What Are Embeddings? From Zero to Semantic Search in 10 Lines of Python
Chris Harper
2 min read
Jun 23, 2026 · 18:15 UTC
TL;DR: Embeddings convert text to vectors where meaning is distance — two lines of Python with sentence-transformers produce numbers you can use for search, RAG, and AI memory.
What you'll be able to do after this:
- Generate semantic embeddings from any text with three lines of Python using a pretrained model
- Find the most similar document to a query using cosine similarity — the core of every RAG pipeline
- Understand the vector space model that underpins RAG, semantic search, and AI memory
Before you can build RAG, before a vector database makes sense, before you can evaluate retrieval quality — you need to understand what an embedding is and how to generate one.
What an embedding is. The text "The weather is lovely today" becomes a list of 384 floating-point numbers.
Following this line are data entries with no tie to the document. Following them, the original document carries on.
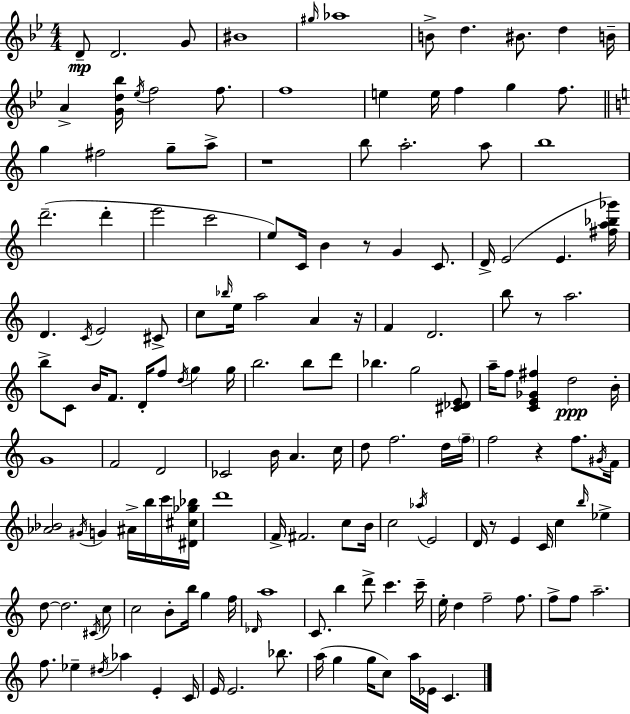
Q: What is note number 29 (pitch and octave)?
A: B5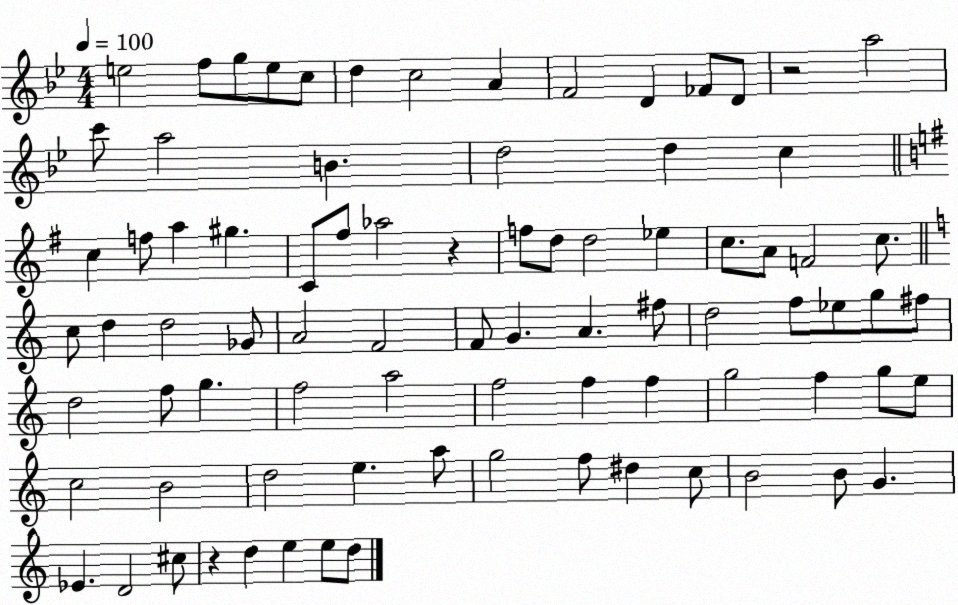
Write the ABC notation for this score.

X:1
T:Untitled
M:4/4
L:1/4
K:Bb
e2 f/2 g/2 e/2 c/2 d c2 A F2 D _F/2 D/2 z2 a2 c'/2 a2 B d2 d c c f/2 a ^g C/2 ^f/2 _a2 z f/2 d/2 d2 _e c/2 A/2 F2 c/2 c/2 d d2 _G/2 A2 F2 F/2 G A ^f/2 d2 f/2 _e/2 g/2 ^f/2 d2 f/2 g f2 a2 f2 f f g2 f g/2 e/2 c2 B2 d2 e a/2 g2 f/2 ^d c/2 B2 B/2 G _E D2 ^c/2 z d e e/2 d/2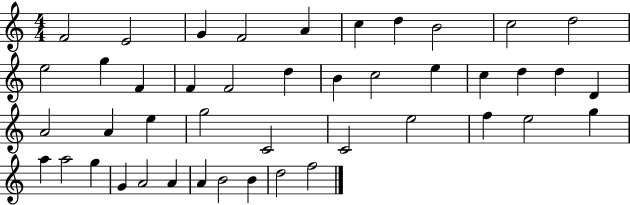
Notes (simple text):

F4/h E4/h G4/q F4/h A4/q C5/q D5/q B4/h C5/h D5/h E5/h G5/q F4/q F4/q F4/h D5/q B4/q C5/h E5/q C5/q D5/q D5/q D4/q A4/h A4/q E5/q G5/h C4/h C4/h E5/h F5/q E5/h G5/q A5/q A5/h G5/q G4/q A4/h A4/q A4/q B4/h B4/q D5/h F5/h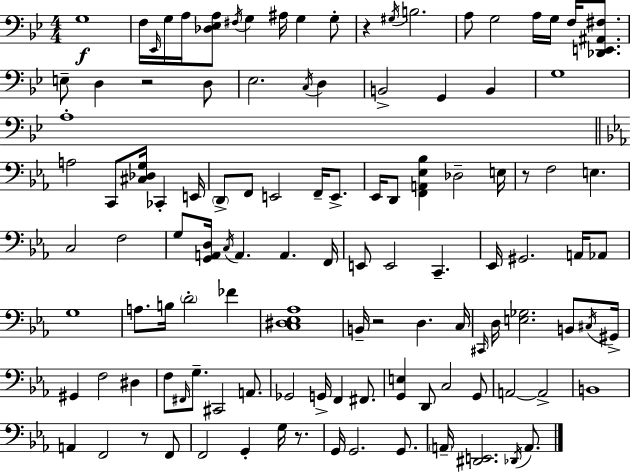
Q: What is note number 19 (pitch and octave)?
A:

Two sentences with similar meaning end up as vectors geometrically close in that 384-dimensional space — even with no shared words. "It's so sunny outside!" is a neighbor; "She drove to the stadium." is far away.
The 10-line walkthrough. Using the sentence-transformers library:
pip install -U sentence-transformers
from sentence_transformers import SentenceTransformer, util
model = SentenceTransformer("all-MiniLM-L6-v2")
sentences = [
"The weather is lovely today",
"It's so sunny outside!",
"She drove to the stadium."
]
embeddings = model.encode(sentences)
print(embeddings.shape) # (3, 384)
similarities = util.cos_sim(embeddings, embeddings)
# sentences 0 and 1 score ~0.7+; sentence 2 scores ~0.2 against both
That similarity computation is literally how RAG retrieval works: embed your query, embed your documents, return the ones with highest cosine similarity.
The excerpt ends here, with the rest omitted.